Je voudrais également faire part de notre préoccupation à propos de la remise en cause du modèle français du logement social avec des travaux qui envisagent l'entrée d'investisseurs privés. Je rappelle que le logement rapporte plus à l'État qu'il ne lui coûte. Les bailleurs sociaux n'ont pu faire face à la crise que grâce aux taux d'emprunt très faibles mais que va-t-il se passer quand la bulle immobilière va éclater ? Je m'inquiète ensuite du respect des objectifs de mixité dans le logement social. J'observe qu'en 2018, de nouveau, plus de la moitié des attributaires de logements dans le parc social ont un niveau de revenu en dessous du seuil de pauvreté.
Je ne peux que corroborer les inquiétudes sur les conséquences de la réforme de la taxe d'habitation et relever une nouvelle fois l'impact qu'elle aura sur le calcul des dotations de solidarité rurale ou urbaine aux communes pauvres en plus du problème de la désincitation à construire des logements sociaux.
Enfin, si je comprends la logique de rebasage budgétaire, on est obligé de constater qu'il y a de plus en plus de personnes sans-abri dans nos métropoles, y compris de personnes qui ont des emplois. Le Gouvernement devrait se souvenir de cette parole de l'abbé Pierre « Gouverner, c'est d'abord loger son peuple ».
M. Daniel Gremillet . - Ce rapport confirme les inquiétudes que nous formulions sur les moyens de la rénovation énergétique des logements lors de la discussion de la loi énergie climat. Nous disions que le vrai rendez-vous serait la loi de finances. Nous y sommes et les crédits ne sont pas à la hauteur. La réduction des crédits au détriment des 9 e et 10 e déciles ne profite pas en fait aux ménages les plus modestes.

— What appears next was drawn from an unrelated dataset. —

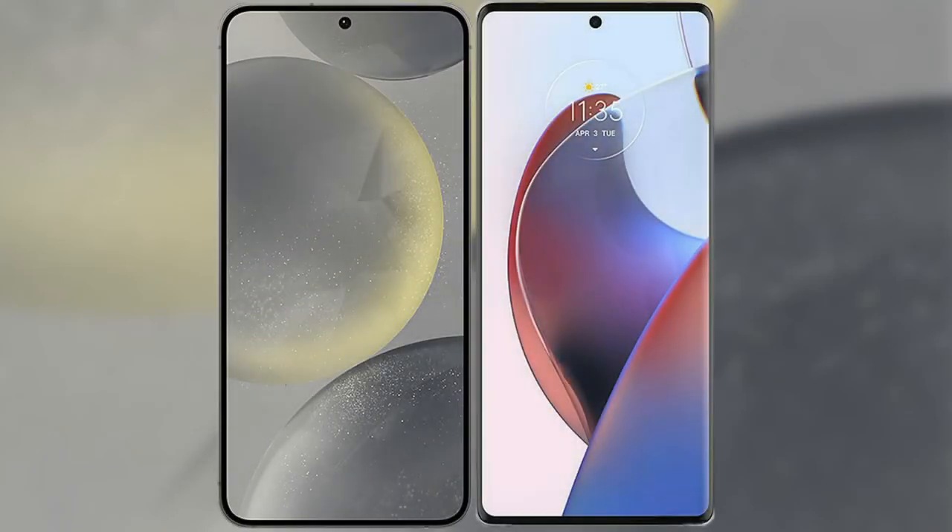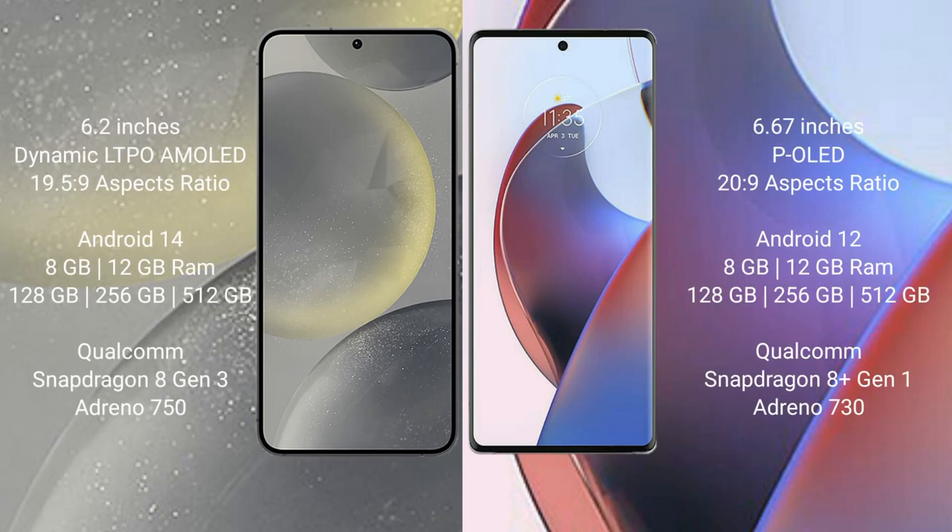I will compare the new Samsung Galaxy S24 with the Motorola Edge 30 Ultra. The Samsung Galaxy S24 comes with a 6.2-inch Dynamic LTPO AMOLED display and an aspect ratio of 19.5:9. The Motorola Edge 30 Ultra comes with a 6.67-inch pOLED display and an aspect ratio of 20:9.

M. Marc Daunis . - Je rejoins les observations déjà formulées sur la qualité de ce rapport et sur le RUA et le PTZ. Je voudrais savoir s'il existe une étude d'impact de la réforme du CITE sur les classes moyennes et supérieures, ce qui me paraît une erreur majeure compte tenu du défi que représente la rénovation énergétique des logements. Il y a un fossé entre les enjeux et les moyens alors qu'il faudrait changer de braquet. Nous venons d'examiner trois secteurs essentiels de notre économie ce matin : la recherche, l'agriculture et le logement et nous ne disposons pas d'une lisibilité des éléments stratégiques structurants. Je trouve cela inquiétant. Je crois qu'il est bien que nous ayons une vision d'ensemble tout en opérant des réorientations pragmatiques comme le propose le rapport.
Mme Dominique Estrosi Sassone , rapporteur . - Quelques compléments pour répondre aux différentes interventions : on ne dispose pas d'une étude d'impact sur l'effet de la suppression du CITE sur les classes moyennes et supérieures. Les CHRS ont subi une pression pour baisser leurs coûts mais il s'avère que l'on ne prend pas assez en compte la localisation et les charges relatives au foncier. Les objectifs d'accompagnement et de sortie des CHRS vers le logement ne sont pas atteints faute de places à proposer, malgré les efforts du Gouvernement. Il faudrait pouvoir aller plus vite. La réforme du versement des APL va réduire le pouvoir d'achat d'un grand nombre de personnes ce qui peut inquiéter pour les plus fragiles. Le RUA doit absolument préserver le tiers payant et tenir compte des différences de coût du logement. Sur l'Anah, j'ai voulu faire preuve de pragmatisme tout en tirant la sonnette d'alarme. Il y aura besoin de crédits supplémentaires.
Enfin, l'avis favorable que je propose sur les crédits est cohérent avec la signature de la clause de revoyure qui est respectée et qui a été acceptée par toute la famille HLM. Bien évidemment nous ne sommes pas satisfaits et le problème est renvoyé au-delà de 2022 et il nous faut rester vigilant.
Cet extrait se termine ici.